The informally stated CLT I'm working with is as follows: If $X_i$ are IID rvs with mean $\mu$ and variance $\sigma^2$ and $$S_n = \frac{1}{n}\sum X_i$$ then, as $n\to\infty$, PDF of $S_n$ tends to a Gaussian with a mean $\mu$ and variance $\sigma^2/n$: $$P(S_n) \to \frac{1}{\sqrt{2\pi\sigma^2}}e^{-(x-\mu)^2/\sigma^2}$$

I realize I may be bit off in factors (e.g., $2\sigma^2$ instead of $\sigma^2$), but can adjust for these later. So following are my steps and as far I could get.

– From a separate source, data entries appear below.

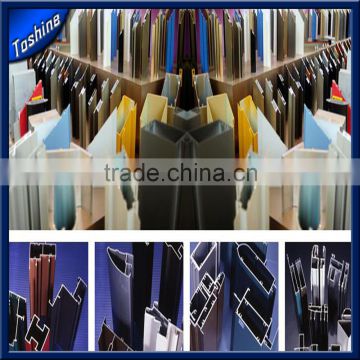 Extruded Aluminum Profile Anodized Aluminum Profiles for Building Materials                        
                                                Quality Choice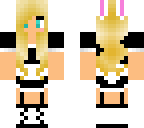 bunny maid girl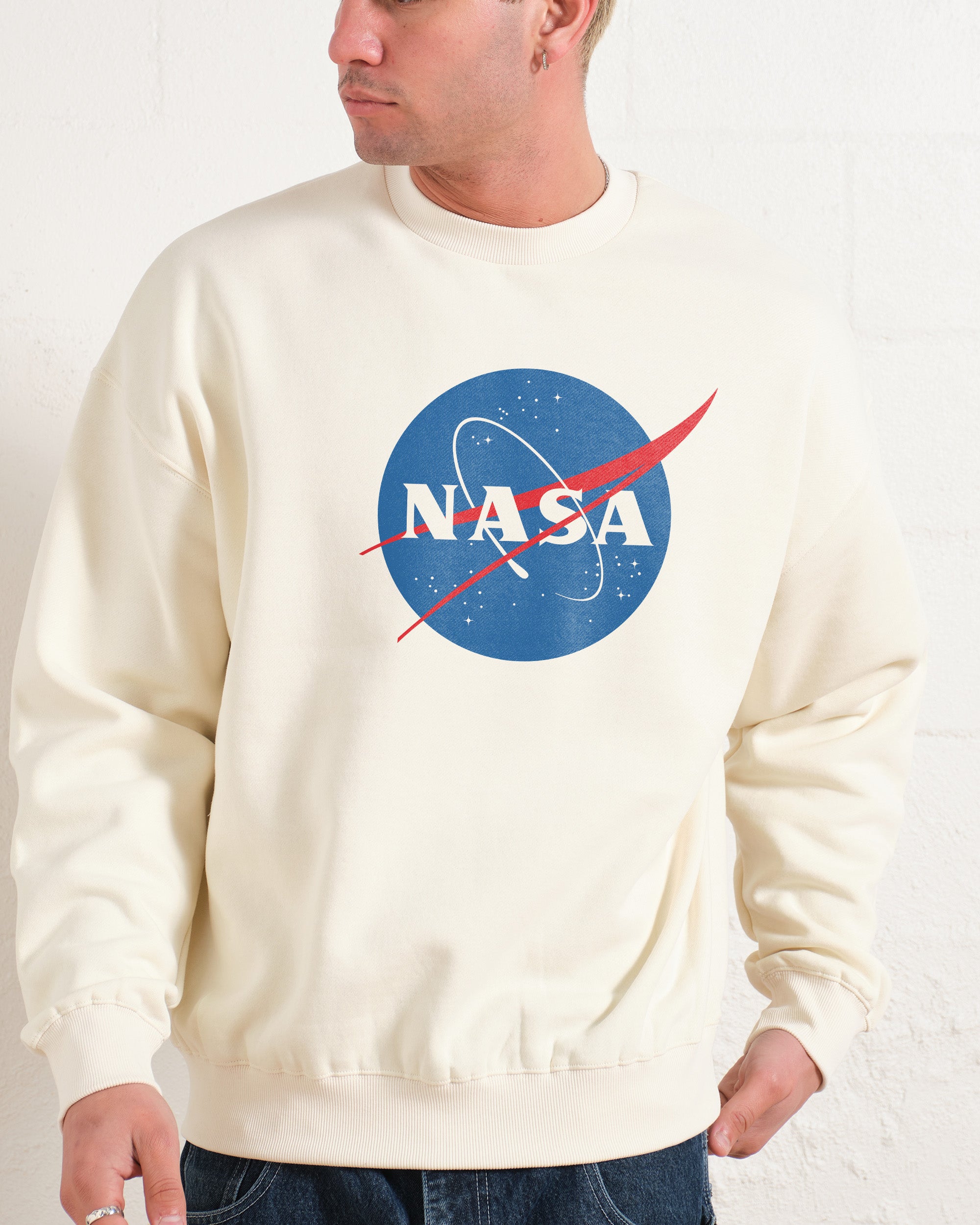 Mens nasa jumper best sale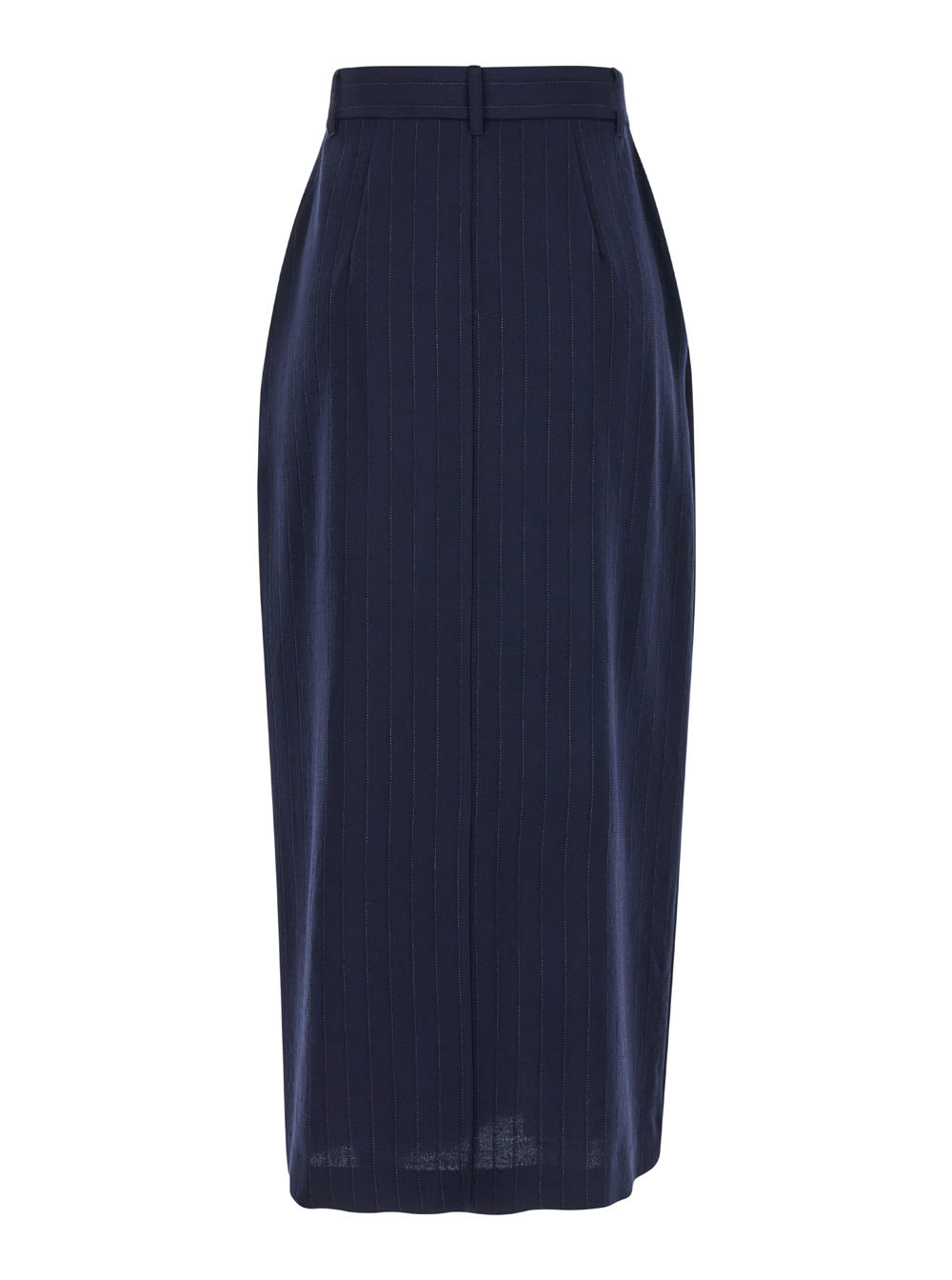 Shop Momoní Noa Skirt In Blu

Define $p(x)$ as the PDF of $X$, $P(X\leq x) = \int_{-\infty}^x p(t) dt$ as the CDF of $X$ and $F_p(\omega) = \int_{-\infty}^\infty e^{-i\omega t} p(t) dt$ as the Fourier transform of the PDF of $X$.

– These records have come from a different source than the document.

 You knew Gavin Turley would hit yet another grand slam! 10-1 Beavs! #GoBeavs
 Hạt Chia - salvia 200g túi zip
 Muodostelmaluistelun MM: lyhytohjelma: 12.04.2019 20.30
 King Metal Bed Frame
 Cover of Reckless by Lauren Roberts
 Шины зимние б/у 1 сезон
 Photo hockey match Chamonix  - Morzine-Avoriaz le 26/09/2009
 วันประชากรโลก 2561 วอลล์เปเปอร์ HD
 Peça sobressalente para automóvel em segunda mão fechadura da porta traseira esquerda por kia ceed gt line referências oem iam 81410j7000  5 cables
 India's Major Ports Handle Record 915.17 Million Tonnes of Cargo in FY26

Then for any scalar $\alpha$, the PDF of $X/\alpha$ is $\alpha p(\alpha x)$. In particular, for $\alpha = n$, PDF of $\frac{X}{n}$ is $n p(nx)$. Going to Fourier domain, if FT of $p(x)$ is $F(\omega)$, then using the scaling property of Fourier Transform, FT of $n p(nx)$ is $F(\omega/n)$. Before going further lets simplify $F(\omega/n)$: $$ \begin{align} F(\omega/n) &= \int_{-\infty}^{\infty}e^{-i\omega t/n}p(t) dt\\ &= \int_{-\infty}^{\infty}(1 - \frac{i\omega t}{n} - \frac{\omega^2t^2}{2n^2} + \cdots) p(t) dt\\ &= \int_{-\infty}^{\infty} p(t) dt - \frac{i\omega}{n}\int_{-\infty}^{\infty} tp(t)dt - \frac{\omega^2}{2n^2}\int_{-\infty}^{\infty}t^2p(t) dt\\ &= 1 - \frac{i\omega\mu}{n} - \frac{\omega^2}{2n^2}(\sigma^2 + \mu^2) \end{align} $$ In the above, we used normalization condition (first term), $E[t]=\int t p(t) dt = \mu$ (second term) and $E[t^2] = \int t^2 p(t)dt = \sigma^2 + \mu^2$ (third term).

Now $S_n = \sum_{i=0}^n \frac{X_i}{n}$, which is sum of $n$ IID rvs. So it its PDF is $np(nx)$ convoluted with itself $n$ times. In Fourier domain, this is just $[F(\omega/n)]^n$. But I'm having difficulty taking the limit as $n\to\infty$ because of $n$ and $n^2$ terms in the denominator.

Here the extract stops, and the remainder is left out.